With that, she took the dresses laid out without a word, picking them up cheerfully and began draping them over my body.
Her expression looked so utterly delighted that my chest tightened, a pang of something deep inside.

“What shall I do? You look adorable in anything, Kanata, so it’s hard to choose.”

Just as I’d thought, Yui-san always gives me the words I long to hear.
That I look adorable in anything. She said it again, just as I hoped. Suddenly, the tension drained from my shoulders.

“…Yui-san.”

“Hmm?”

“…That one from earlier. The black one.”

I don’t usually wear black much.
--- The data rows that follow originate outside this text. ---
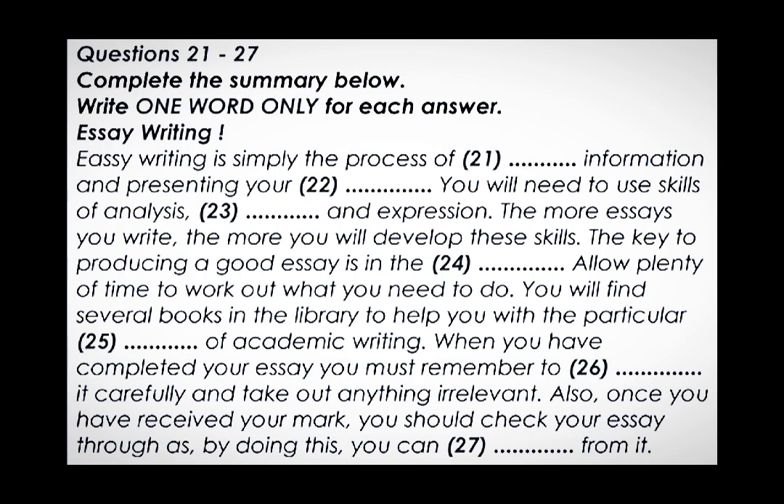Hi, Alex. Come in. I gather you wanted some help with writing essays. Yes, I'm finding this first term difficult and I'm worried about the assignments we have to do for January. Well, let me see if I can help. You shouldn't panic about it because essay writing is a very straightforward process. What it involves is organising the information that you want to include. You shouldn't have more than you can easily manage within the word count — make sure you haven't got too much or anything irrelevant.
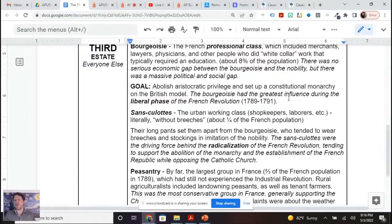Then the sans-culottes — the urban working class, the shopkeepers, the laborers — literally 'without breeches.' Breeches are the pants you see George Washington wear that go down to your knees with stockings. Sans-culottes don't wear breeches — instead they wear long pants. Shopkeepers and laborers make up about a quarter of the population. We associate the sans-culottes with the radicalization of the French Revolution — they're the ones most likely to support the abolition of the monarchy and tend to not be very attached to the Catholic Church.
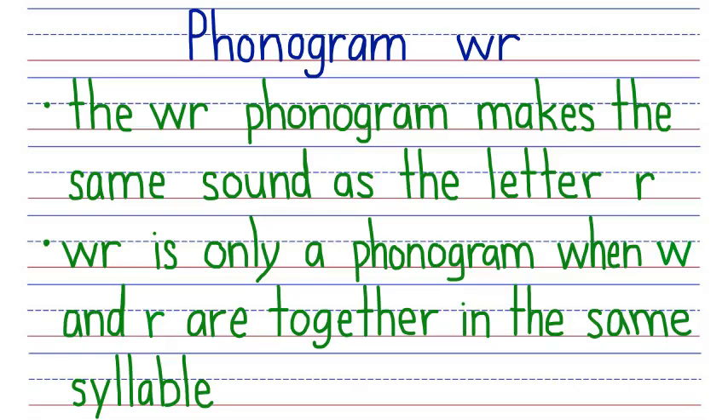I'm Sally Cole with Story Hour Academy and this is our lesson about the multiletter consonant phonogram WR. The WR phonogram makes the same sound as the letter R, but WR is only a phonogram when W and R are together in the same syllable.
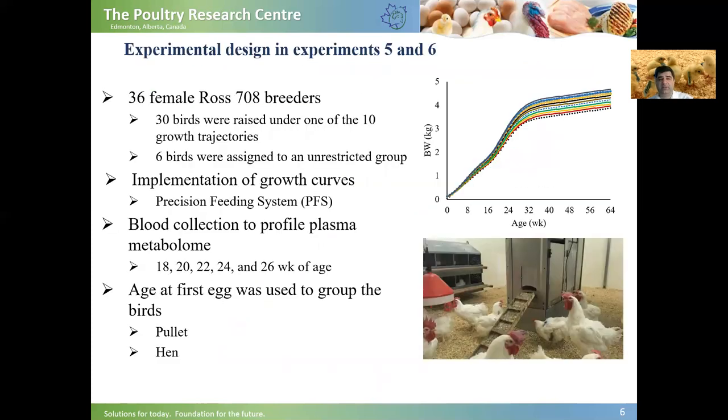Looking at the experimental design, we assigned 30 birds to one of the 10 growth trajectories, and also assigned six birds to an unrestricted or ad libitum group. We implemented growth trajectories using the precision feeding system shown in this picture — a machine that gives birds access to feed based on their real-time body weight. If their real-time body weight is less than the target, the machine lets them eat; otherwise, it gently removes them from the feeding station. We collected blood from 18 to 26 weeks of age at two-week intervals, and used age at first egg to classify birds as pullets or hens based on their status at the blood collection date.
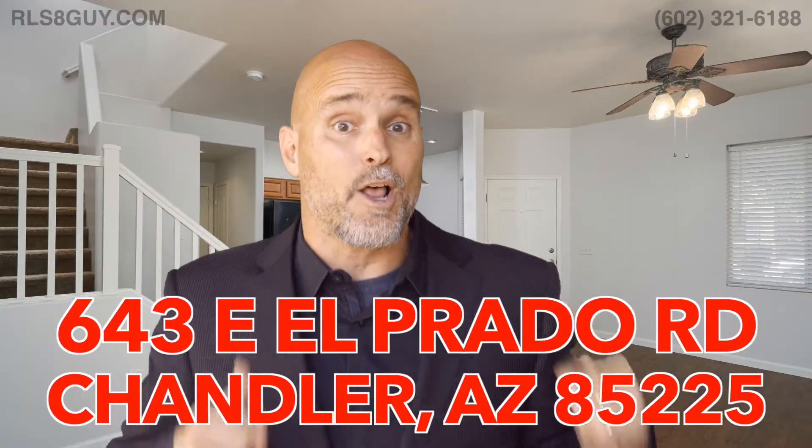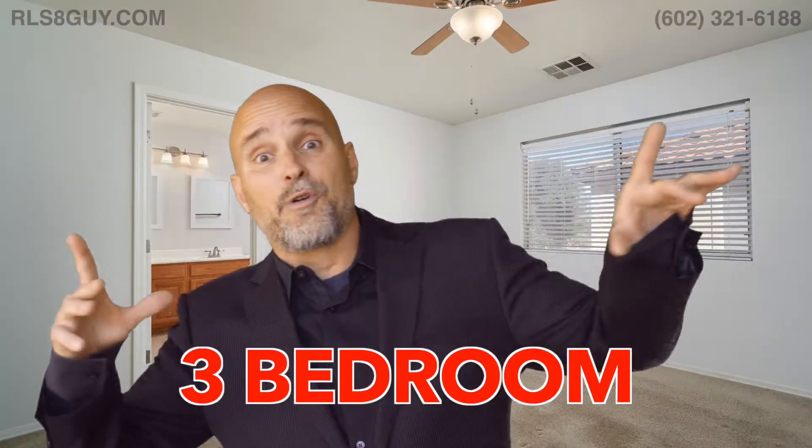We're at 643 East El Prado Road in Chandler — El Prado in San Vincente. How fun is that to say? So check it out. It's a three bedroom, three bath home.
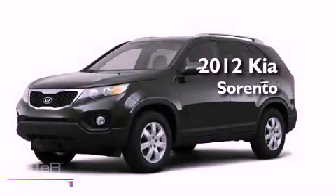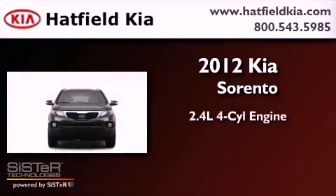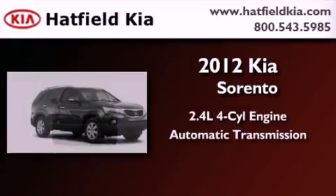This is a brand new 2012 Kia Sorento. It features a 2.4-liter four-cylinder engine and an automatic transmission.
But I thought that dress was lovely. It resembled the colour of Yui-san’s eyes, like the night sea.
When I murmured it, almost like I was being spoiled, Yui-san smiled happily.

“This one? Right. Then choose some shoes too.”

Yui-san surely didn’t care about the price at all; she just wanted to make me happy.
A gift should be something nice, something you can use for a long time. I understood that sentiment perfectly.

Paying no mind to the shop assistant watching us, I pressed myself close to her arm, peered at the pumps, then pointed at a pair. “These are nice too. Try them on sometime. They’ll suit you perfectly.”

That’s why she chose this shop, thinking they’d suit me.
That thought made me so incredibly happy, it was overwhelming.

I nodded, and Yui-san smiled happily again.

This morning, I’d been really regretting choosing my outfit so carelessly — but I changed my mind.
Because the clothes Yui-san gave me as a present are definitely going to look much better.